Are his ideas kind of conventional and/or pessimistic, or is he kind of a conspiracy theory guy?

"You'd have to read the lyrics yourself and read into them what you get. I'm very sensitive about explaining what lyrics mean. Because there's a lot of poetic license to lyrics. I used to hang out with Ian Gillan and I used to ask him about lyrics and I'd get the answer I didn't want, really. I made my own mind up about what the lyrics meant to me, and it didn't mean that to him, but that didn't mean to me that's what it didn't mean. It means what it means to you. The same when John Lennon wrote that stuff about Paul McCartney, slagging him off and whatnot, and years later Lennon said, 'You know what? It wasn't about Paul. When I look at it and read it, it was about me.' And I think that's the thing with lyrics, you can write something, and you think you know what you're writing about, and someone else views it totally different and understands it possibly more than you did when you wrote it. So I never delve too deeply into that. I get feelings from it, which is more important to me."

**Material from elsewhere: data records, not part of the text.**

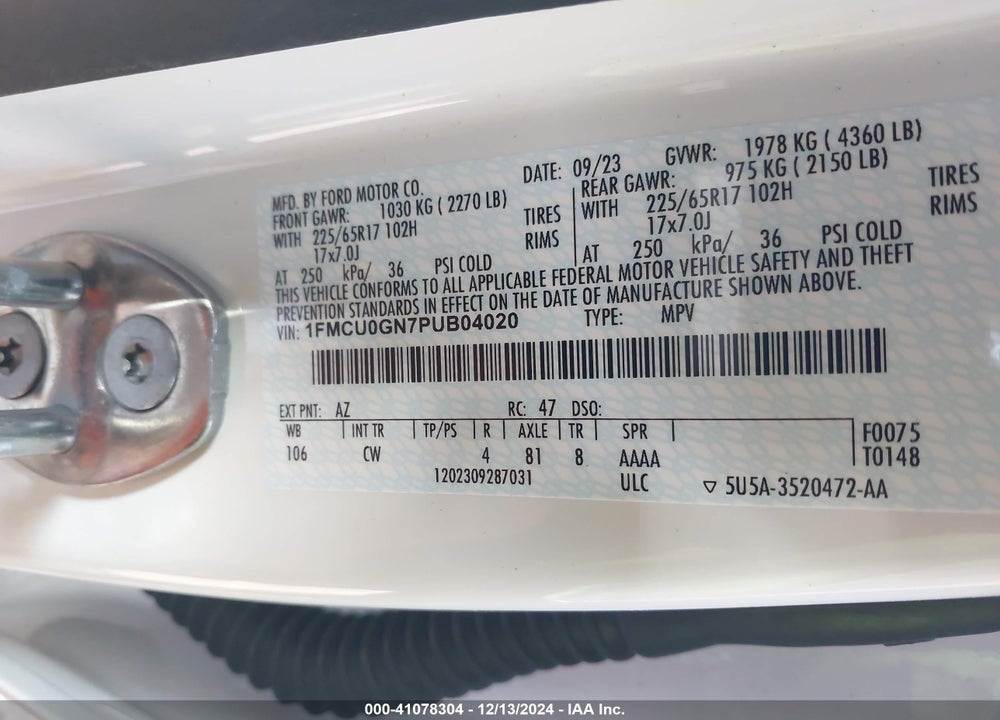 2023 FORD ESCAPE ACTIVE VIN: 1FMCU0GN7PUB04020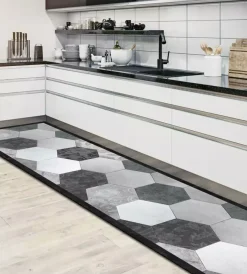 Tessile D'Arredo|Passatoia in vinile "runner" fantasia "grey exagons", 240x50 cm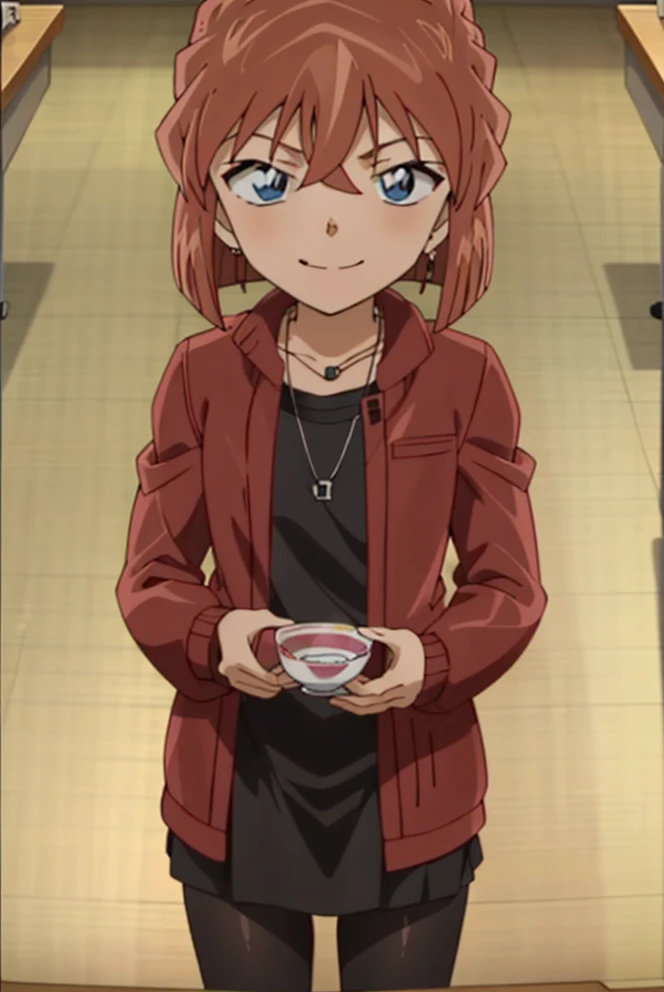 haibaratv,1girl,anime screencap,brown hair,short hair,jacket,earrings, indoors, banquet,desk, smile, necklace, table, teacup,
<lora:haibaratv:0.8>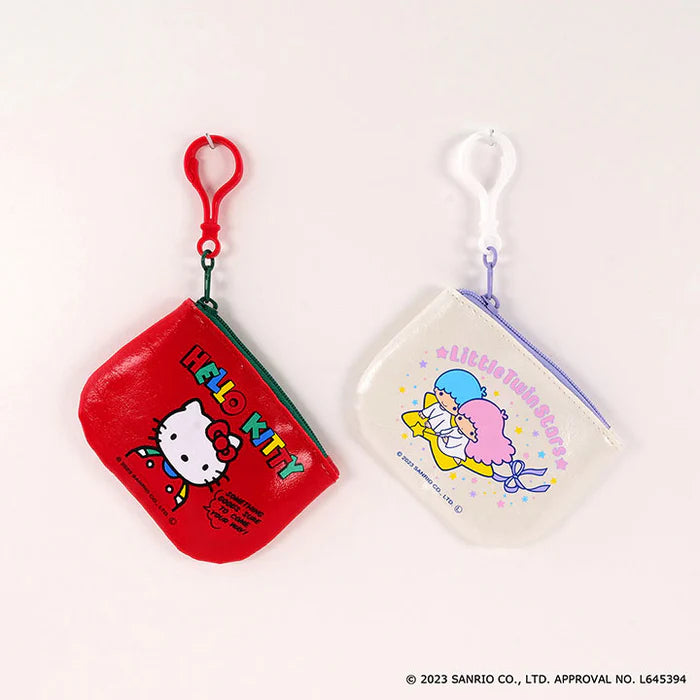 Sanrio Characters Coin Case Gacha Series: two vinyl pouches featuring Hello Kitty and Little Twin Stars, each with a clip for easy attachment.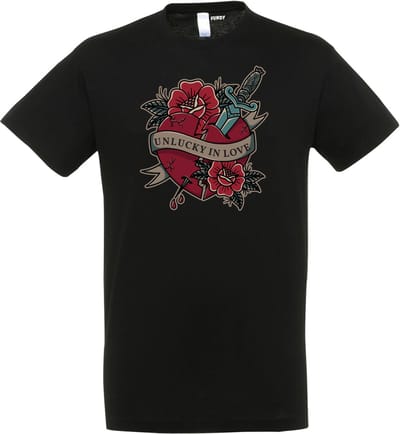 T-shirt Unlucky In Love | valentijn cadeautje voor hem haar | valentijn | valentijnsdag cadeau | Zwart | maat XS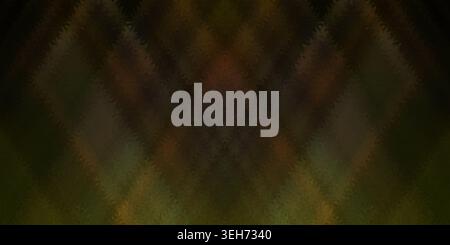 Symmetrical abstract background featuring dark olive green and brown tones with a distorted, wavy chevron pattern and textured ripples. Stock Photo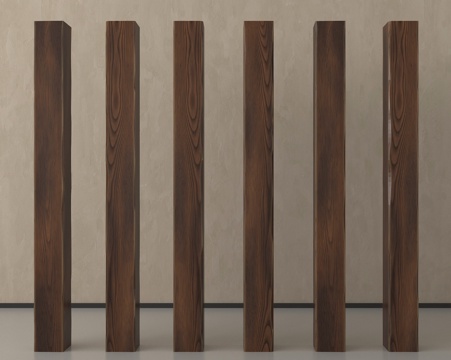 中式木头柱子 木头 木梁su模型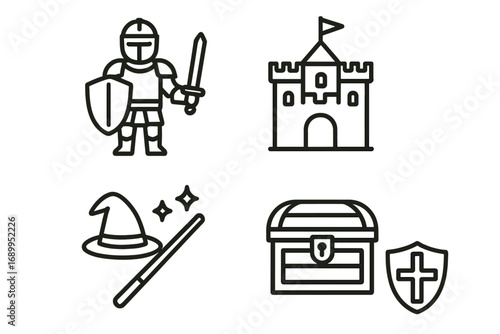 Medieval fantasy outline icon set. Knight, castle, magic, treasure, shield designs. Vector cartoon illustration. Line art for games, fairy tale, history, rpg elements.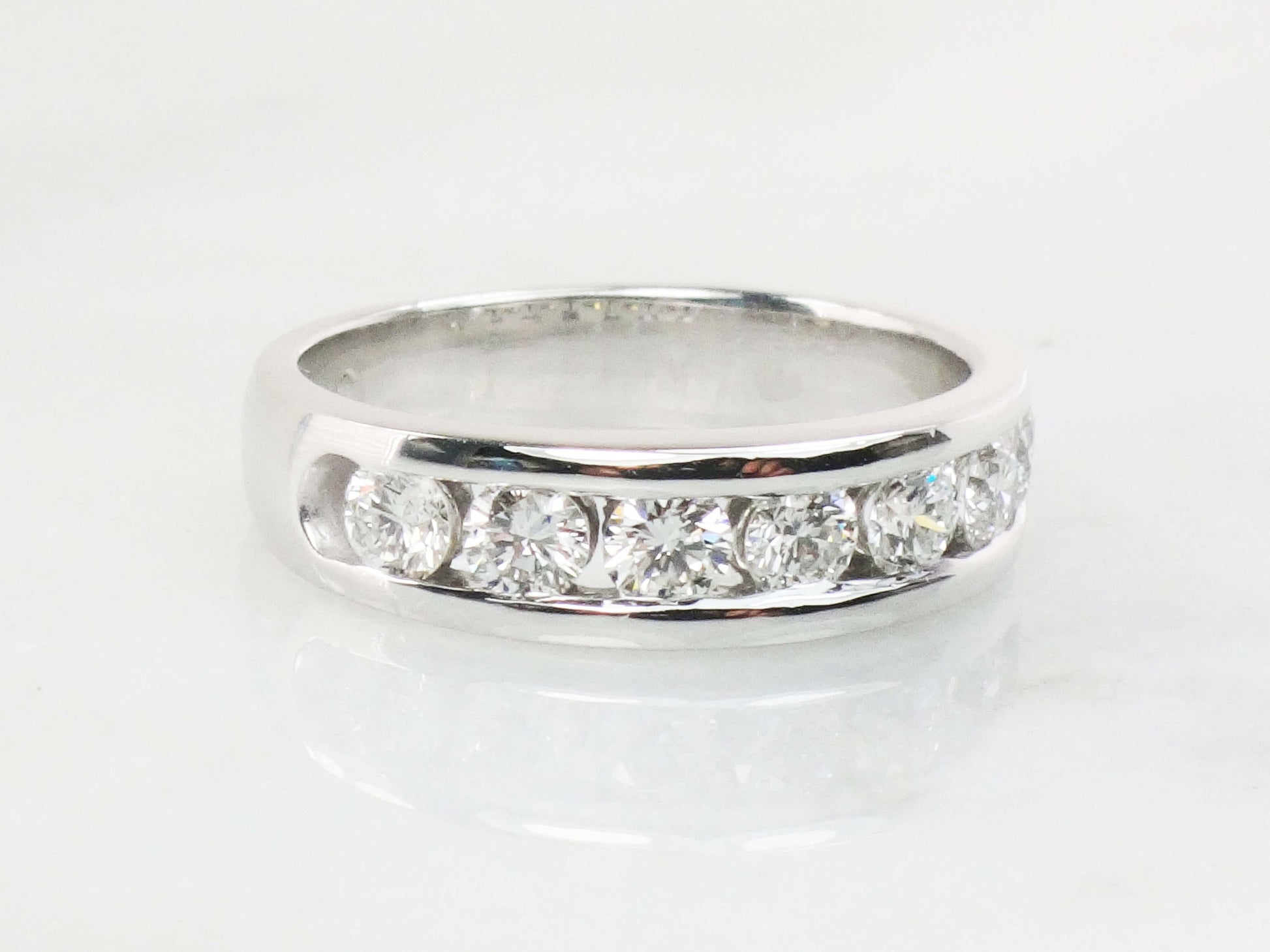 Vintage 14k White Gold Diamond Wedding Band: Channel Set .75 CTS TDW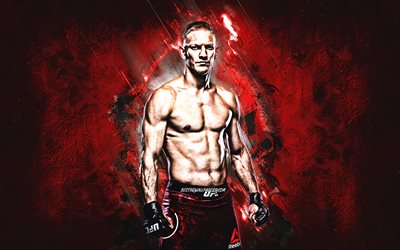 Oskar Piechota, UFC, MMA, polonais combattant, portrait, rouge, pierre fond, Ultimate Fighting Championship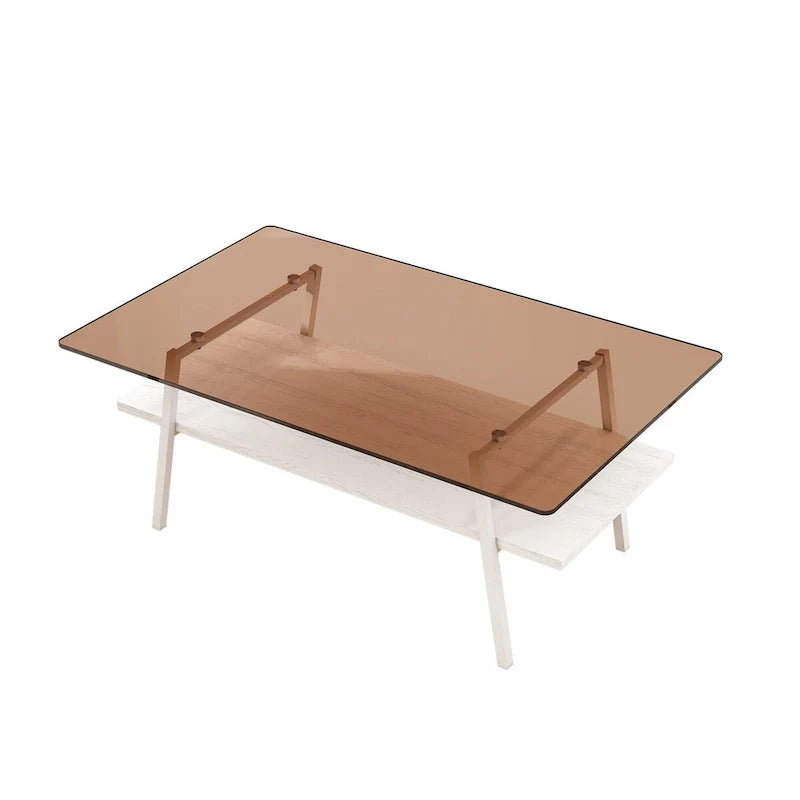 Tempered Glass Coffee Table with Metal Legs and MDF Base
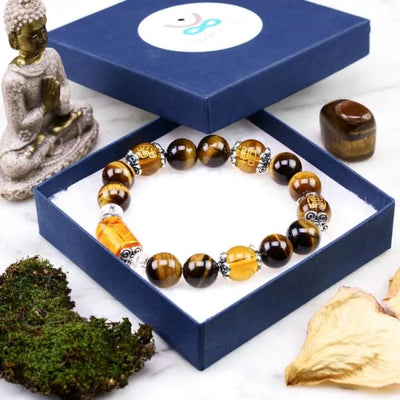 Pulsera de los 6 mantras en ojo de tigre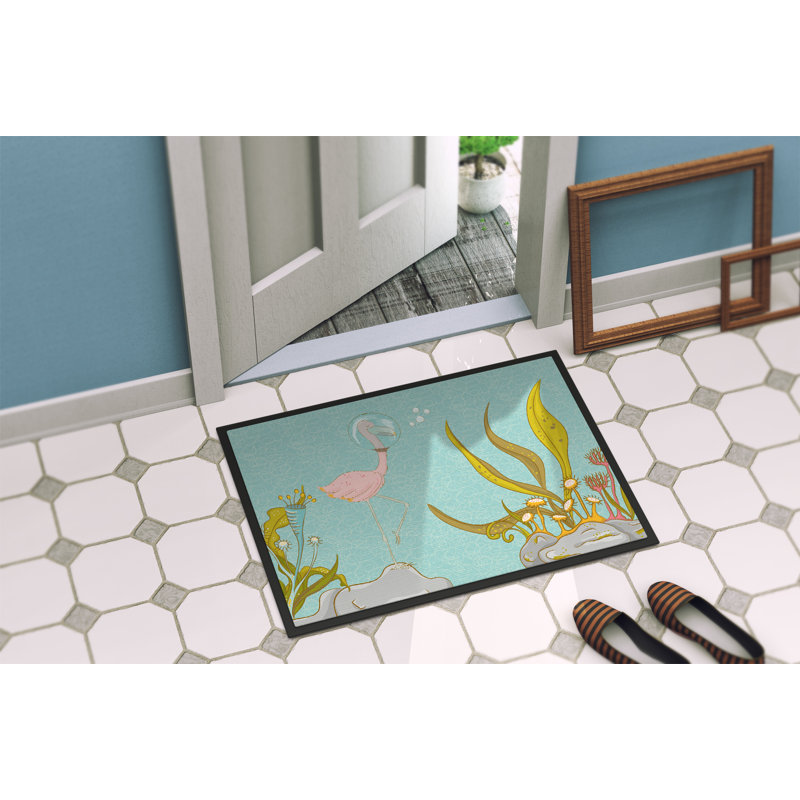 Tapis d’extérieur antidérapant subaquatique flamant rose, Rectangulaire : 18 po x 27 po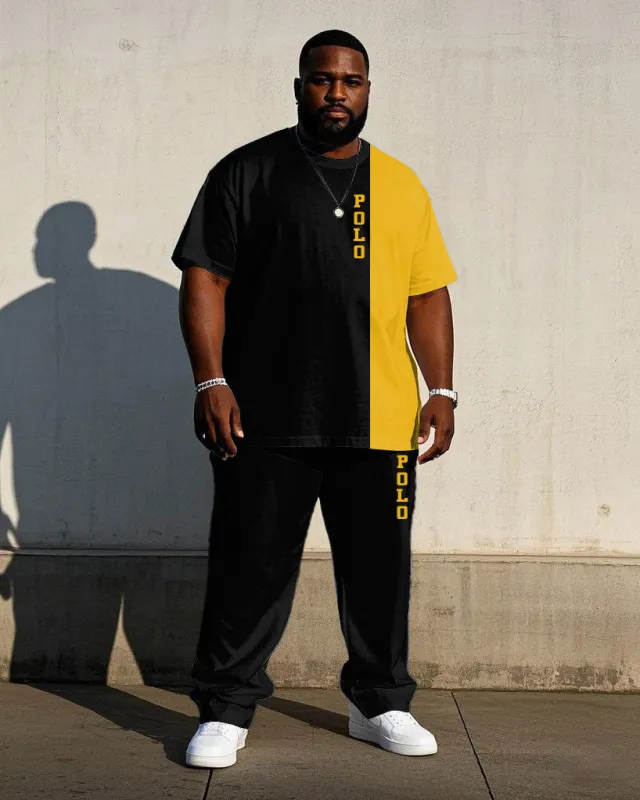 Men's Big & Tall Black & Yellow Colorblock Signature Printed Short-sleeved T-shirt Trousers Set sold by Biggmans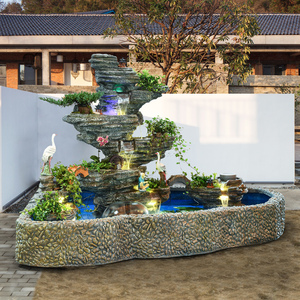 三角异形大型假山流水喷泉鱼池别墅自建楼梯下面墙角落地景观摆件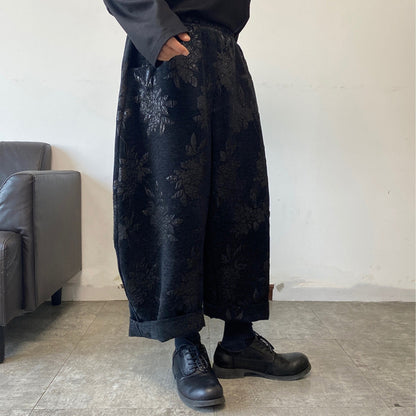 Floral Embroidered Ankle Wide Pants【TR3317】
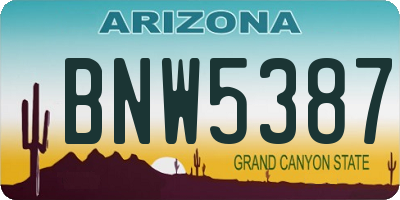AZ license plate BNW5387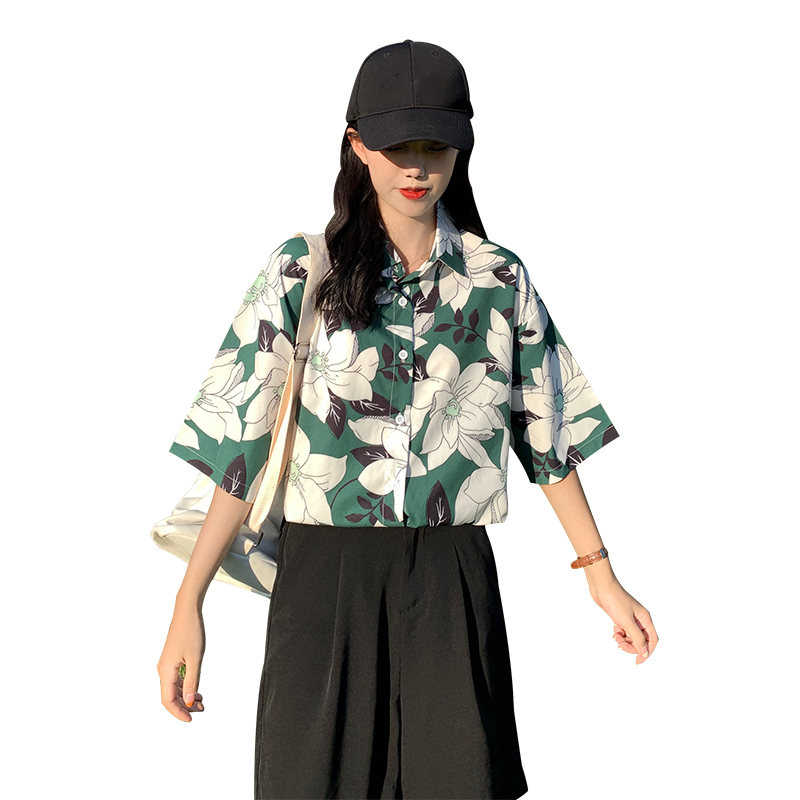 プリントボタン半袖ファッションカジュアル夏プリント折襟写真通り総柄シャツ・ブラウス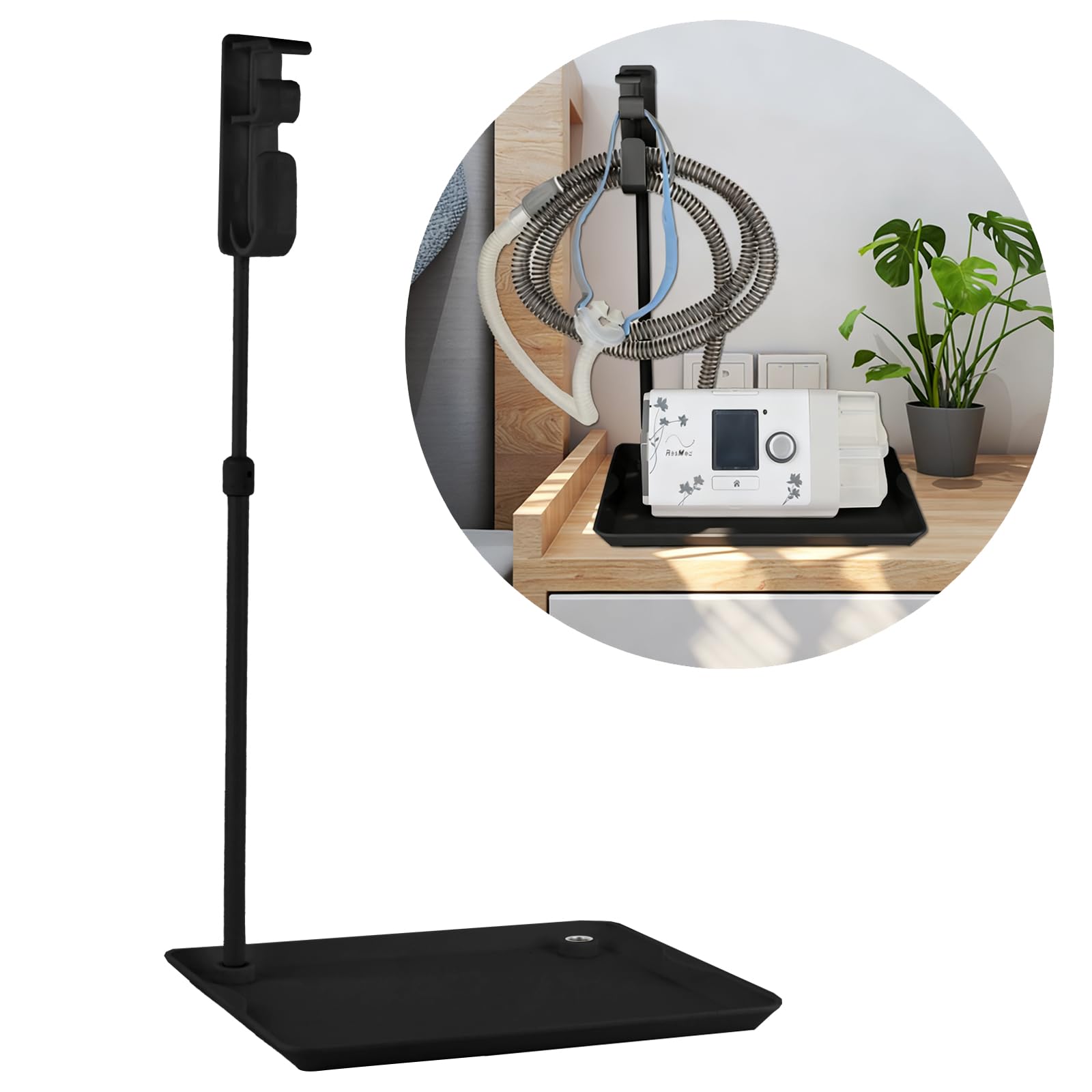 Photo 1 of CPAP Hose Holder for Bed - (Wall-Damage-Free) Black CPAP Machine Protective Tray with Adjustable Height Hook for Hanging Mask & Accessories to Keep Bedside Tidy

The aforementioned Benjamin Breeg track is a highlight of the album. After one (of too many?) long builds on the record, the band kick into a monolith of a riff and then uplift to a more conventional but Maiden-magical chorus, both bits of which draw a link to the band's NWOBHM roots - after all, it is really Maiden, Motorhead and Saxon who are left to bring those values forward, if anybody who was there is going to bother.

"Well," sighs Janick, "we figured we wouldn't get any airplay anyhow... I mean, we're not a band that gets airplay. In fact, they would go out of their way to avoid playing us, even if we had a number one single. So worrying about whether they could play it on the radio went out the window. We just figured, let's just put this song out, with this great riff that sort of states where we are. It's a hard-edged song, and the content was pretty incredible, the Benjamin Breeg idea, and it has a great lyric, and the fantastic riff, and we figured we'd put that out as a taster for the album. That's where that came from. We weren't looking at it from a commercial point of view. It was this was what Iron Maiden was about. It was just basically what you're going to get, a taster for the new album; it just worked fantastically well."

"Nicko has such amazing chops," notes Gers, asked about Nicko's distinct swelling, welling-up, style, notable on Breeg come fill time. "He has all that jazz stuff happening. A lot of drummers nowadays, they don't have the chops of the old guys. You look at Ian Paice and Keith Moon, these guys come from the big-band era, where there's a lot of emphasis on style and swing. And he has all those chops, he can do all that stuff. A lot of these bands you get around now, the drummers are not really exposed to that kind of playing, the stuff that went on in the early '60s. I think Nicko loved all that stuff like Buddy Rich and people like that, and I think a lot of new drummers tend to not have that swing; it's a more metronomic thing. And to me, it's more about feel rather than being taught to be metronomically in time. Because that movement gives you breath. So from that point if you, Nicko is very special too.